### WHAT THE TASK REQUIRES
The expected result is a word-for-word copy of the entries, minus any pictures.

### Records contained in a dataset
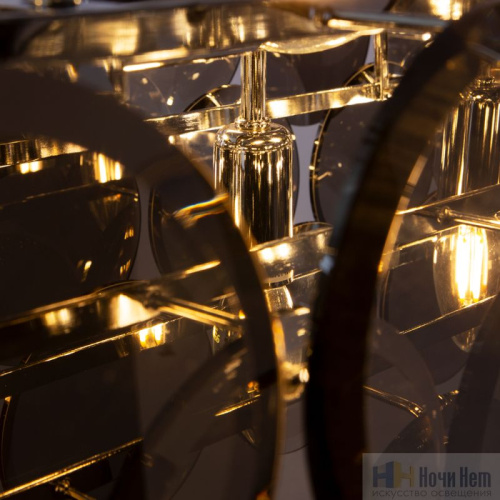 Люстра Divinare Chloe 7566/02 SP-13, раздел каталога Стеклянные люстры интернет-магазина Ночи Нет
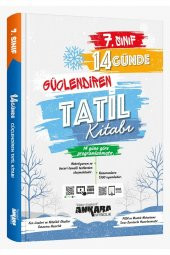 7.sınıf Güçlendiren 14 Günde Tatil Kitabı 2022 (kitapyeni) - 1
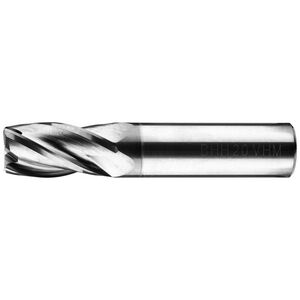 Frez węglikowy Baildon DIN 6527 L FWP4L 18 mm, VHM TiAlN, Z4, 92-26 mm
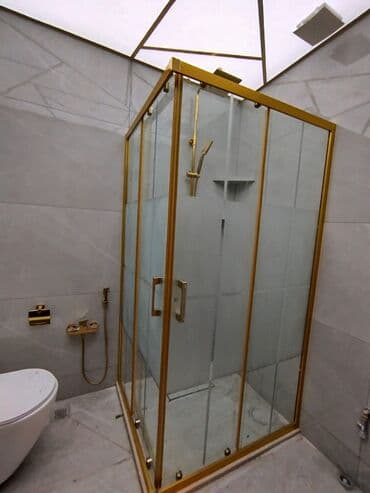 plastik pəncərə setkaları: Üstü açıq kabina, Künc üçün — 2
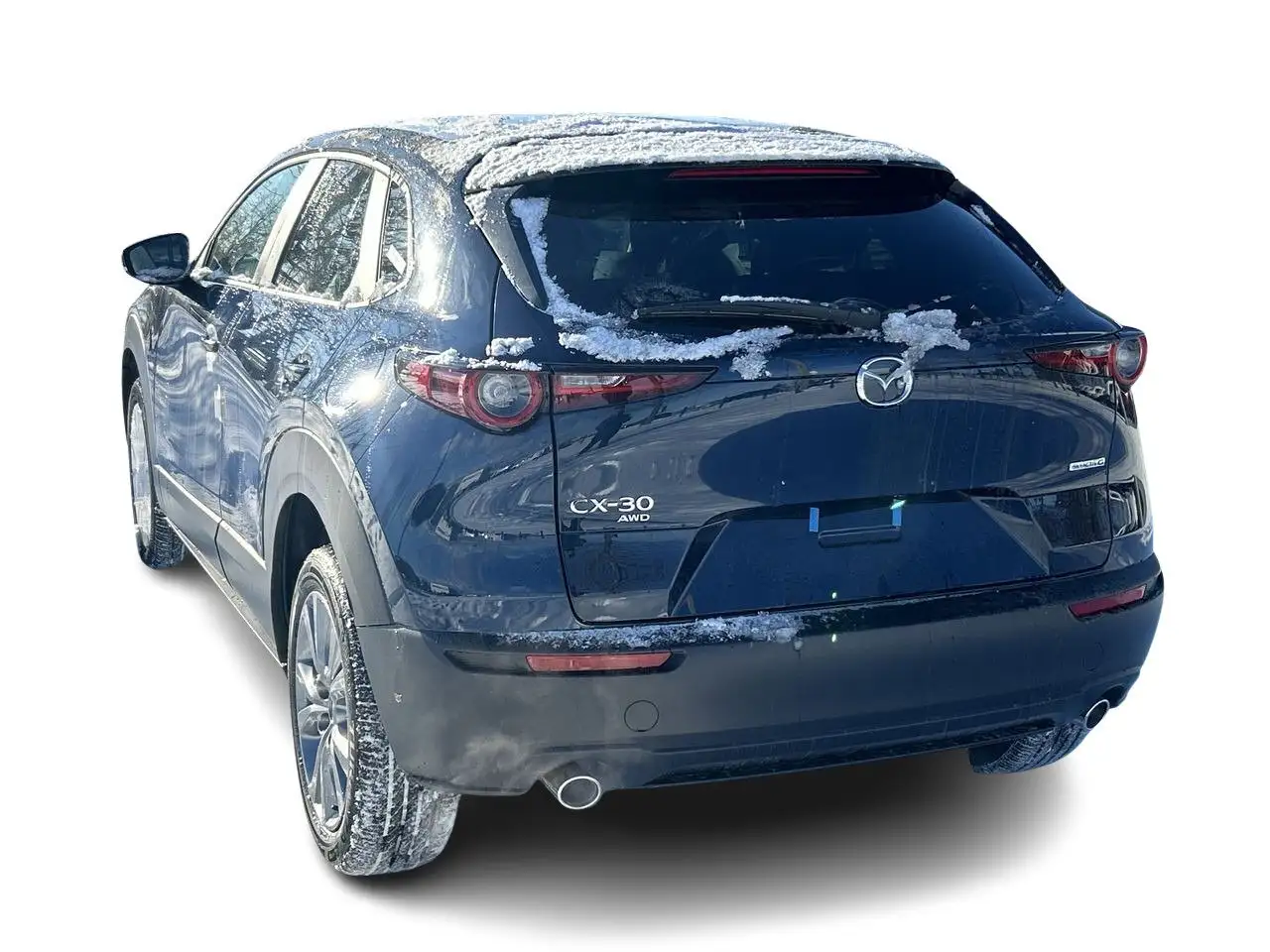 Mazda CX-30 снимка Mazda CX-30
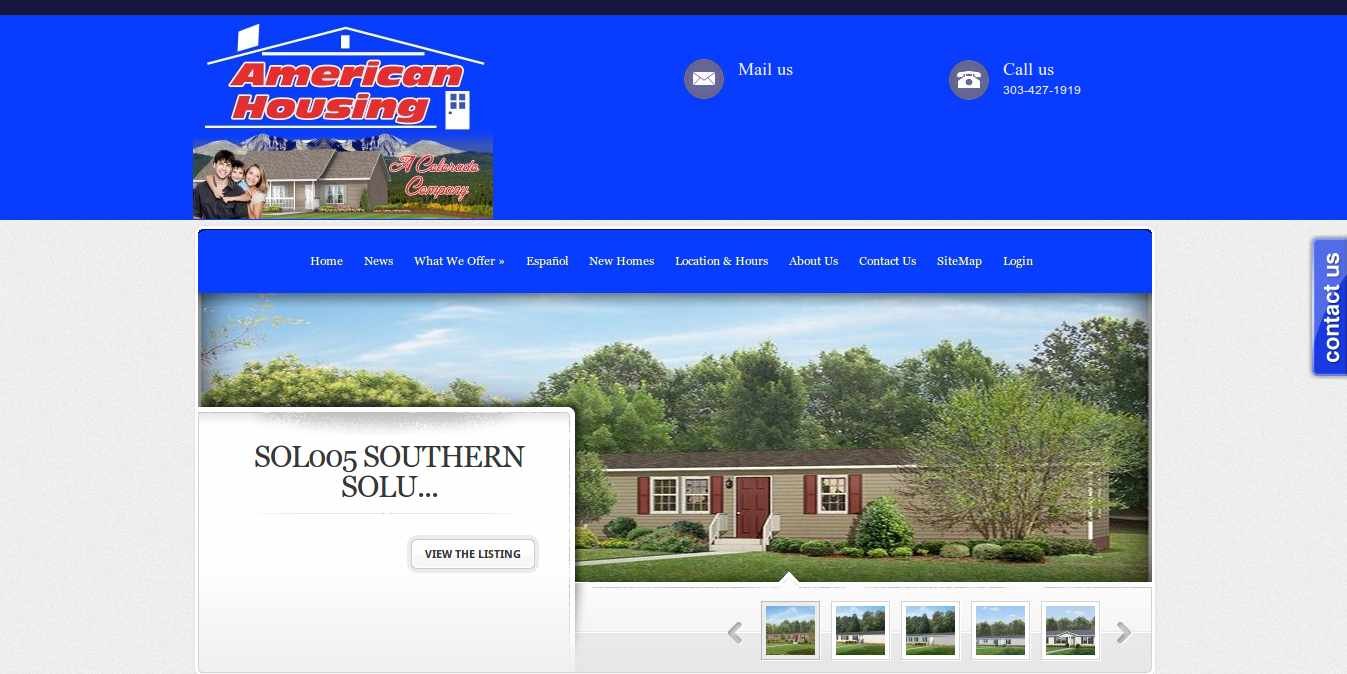 You are currently viewing American Housing Colorado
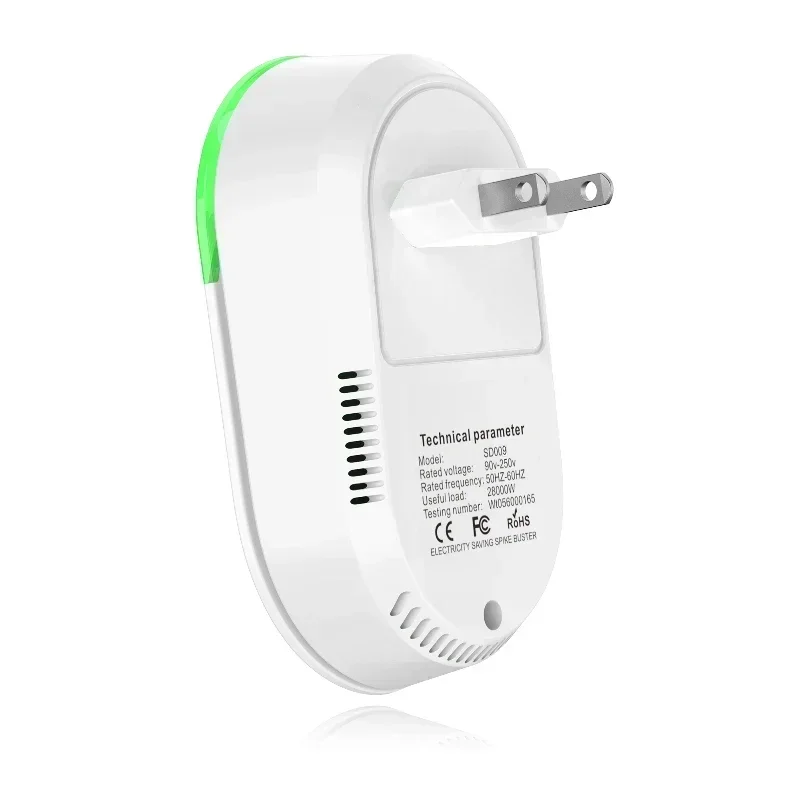 Power Energy Saver Energy Saving Device Electricity Saving Box US/EU Plug 90v-250v 30kw for Home Office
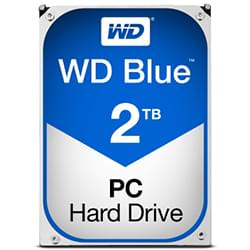 2To BLUE 64Mo SATA III 6Gb - WD20EZRZ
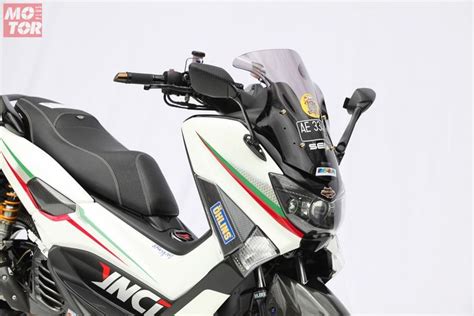 Mantap Ini Spek Modifikasi Yamaha NMAX Juara Daily Use Di Customaxi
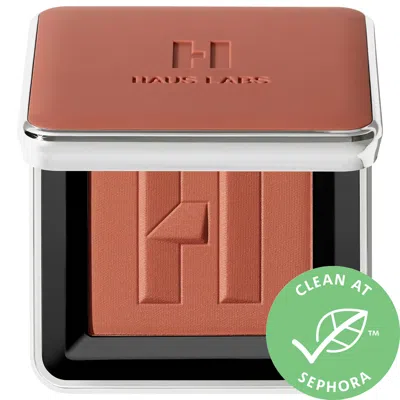 Haus Labs By Lady Gaga Color Fuse Talc-free Blush Powder With Fermented Arnica Fire Moon 0.18 oz / 5 G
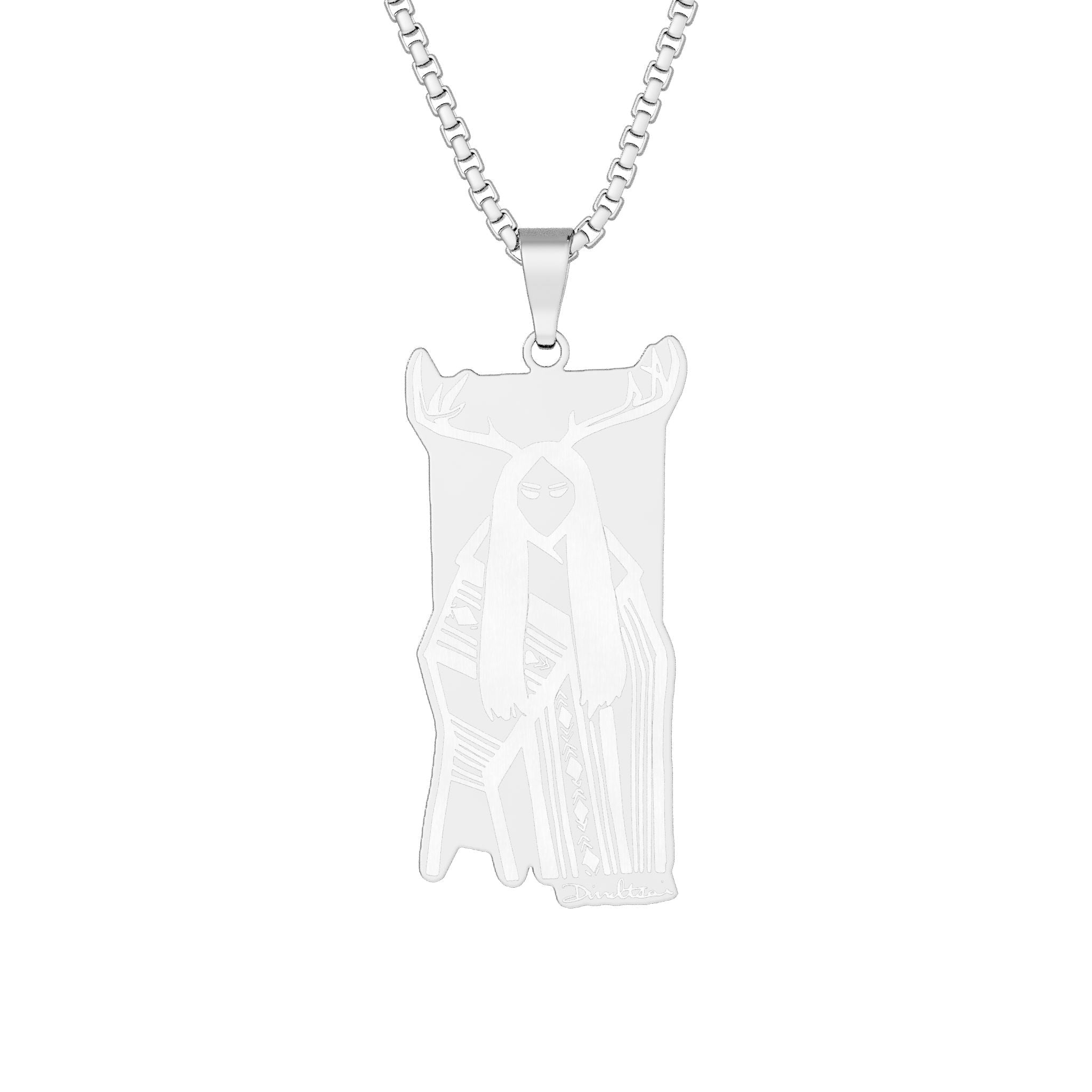 Custom Photo Cutout Pendant — Personalized Photo Silhouette Necklace (Gold or Silver)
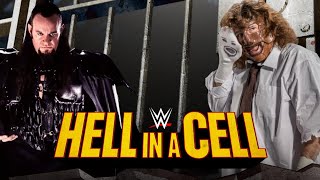 The Undertaker vs Mankind Hell In A Cell Epic Match  Classic Attitude Era wwe2k24 [upl. by Brezin]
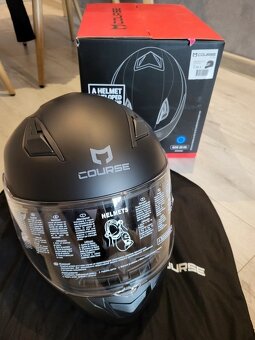 Integrální moto Helma Course Raider 2.0 Matt - 5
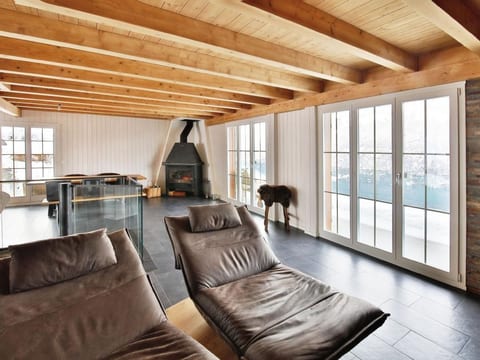 Wunderschönes Luxus-Chalet mit Seesicht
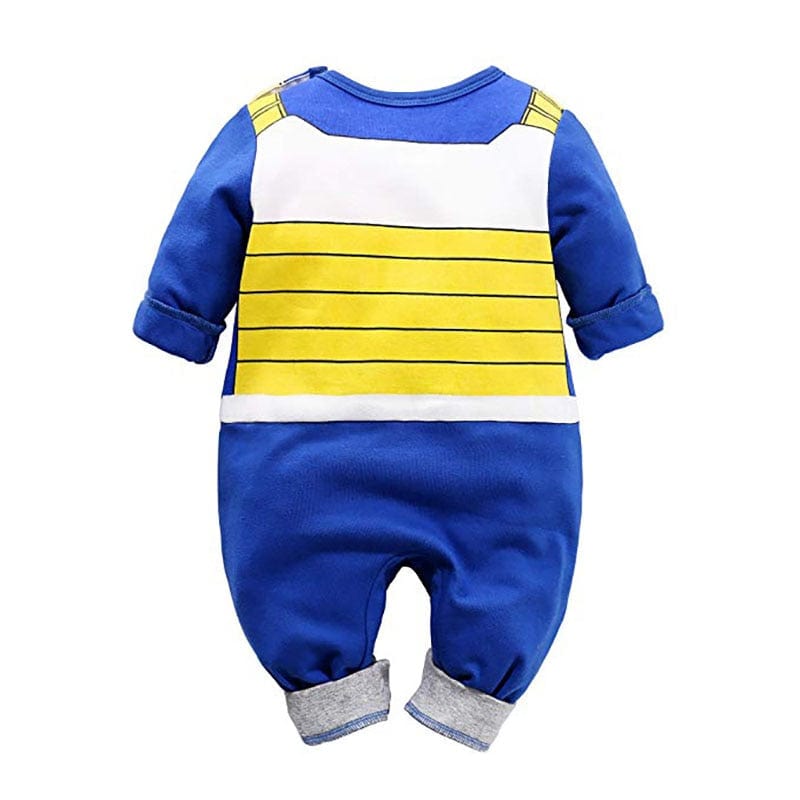 Newborn Baby Boy Clothes Romper 100% Cotton Dragon DBZ Halloween Costume Infant Jumpsuits Long Sleeve New born Overalls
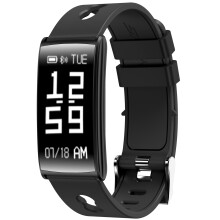 Orologio Smart Bluetooth Impermeabile HM68 con Monitoraggio della Frequenza Cardiaca per Android iOS iPhone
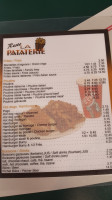 Resto la Pataterie - MOVED menu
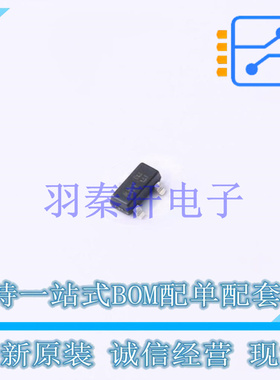 肖特基二极管 BAT54SFILMY SOT-23 ST 全新原装进口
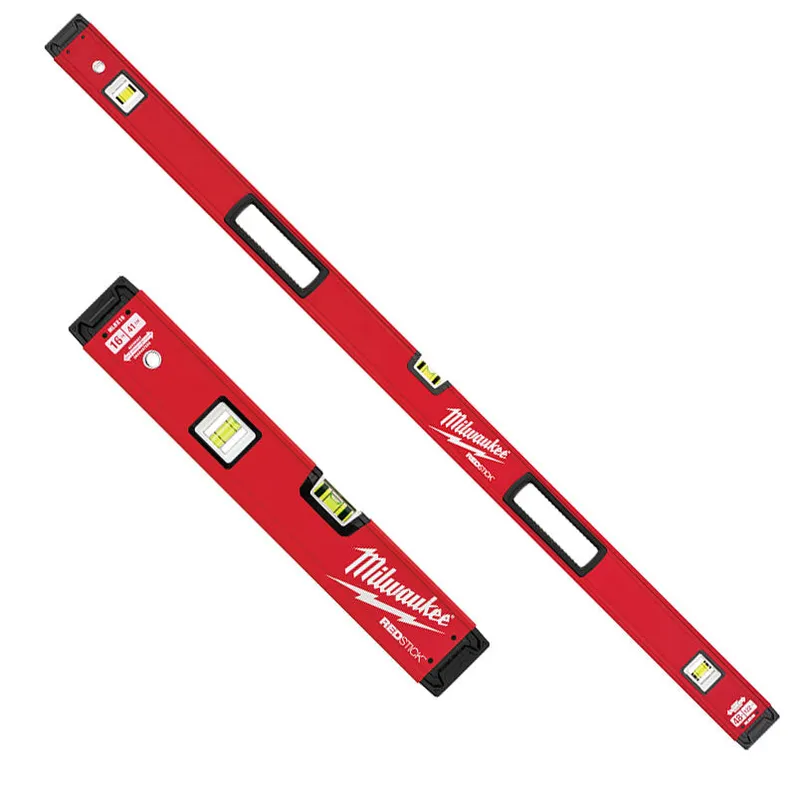 Milwaukee 16" and 48" REDSTICK Box Level Set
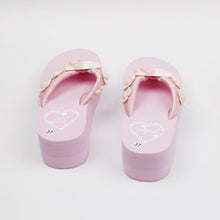 hello kitty flip flops slides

### ANSWER SPACE
 Люстра Divinare Chloe 7566/02 SP-13, раздел каталога Стеклянные люстры интернет-магазина Ночи Нет
 7.sınıf Güçlendiren 14 Günde Tatil Kitabı 2022 (kitapyeni) - 1
 Frez węglikowy Baildon DIN 6527 L FWP4L 18 mm, VHM TiAlN, Z4, 92-26 mm
 plastik pəncərə setkaları: Üstü açıq kabina, Künc üçün — 2
 Mazda CX-30 снимка Mazda CX-30
 You are currently viewing American Housing Colorado
 Power Energy Saver Energy Saving Device Electricity Saving Box US/EU Plug 90v-250v 30kw for Home Office
 2To BLUE 64Mo SATA III 6Gb - WD20EZRZ
 Mantap Ini Spek Modifikasi Yamaha NMAX Juara Daily Use Di Customaxi
 Haus Labs By Lady Gaga Color Fuse Talc-free Blush Powder With Fermented Arnica Fire Moon 0.18 oz / 5 G
 Custom Photo Cutout Pendant — Personalized Photo Silhouette Necklace (Gold or Silver)
 The Undertaker vs Mankind Hell In A Cell Epic Match  Classic Attitude Era wwe2k24 [upl. by Brezin]
 Integrální moto Helma Course Raider 2.0 Matt - 5
 Wunderschönes Luxus-Chalet mit Seesicht
 Newborn Baby Boy Clothes Romper 100% Cotton Dragon DBZ Halloween Costume Infant Jumpsuits Long Sleeve New born Overalls
 Orologio Smart Bluetooth Impermeabile HM68 con Monitoraggio della Frequenza Cardiaca per Android iOS iPhone
 Resto la Pataterie - MOVED menu
 肖特基二极管 BAT54SFILMY SOT-23 ST 全新原装进口
 Milwaukee 16" and 48" REDSTICK Box Level Set
 hello kitty flip flops slides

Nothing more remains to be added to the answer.